Work required. Copy, word for word, the lines of the entries below between the one with "Lalgarh Palace" and the one with "Rental Houseboats Nautilus", inclusive, and leave out everything else.

Recorded data.
━━━━

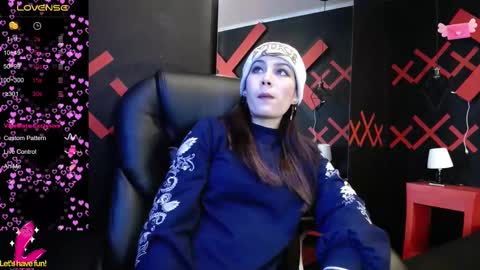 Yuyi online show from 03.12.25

━━━━

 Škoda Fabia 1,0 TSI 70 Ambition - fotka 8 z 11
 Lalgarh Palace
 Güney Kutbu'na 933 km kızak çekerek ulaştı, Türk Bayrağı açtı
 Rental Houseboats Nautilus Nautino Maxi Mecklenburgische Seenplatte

━━━━

Answer section.
 Lalgarh Palace
 Güney Kutbu'na 933 km kızak çekerek ulaştı, Türk Bayrağı açtı
 Rental Houseboats Nautilus Nautino Maxi Mecklenburgische Seenplatte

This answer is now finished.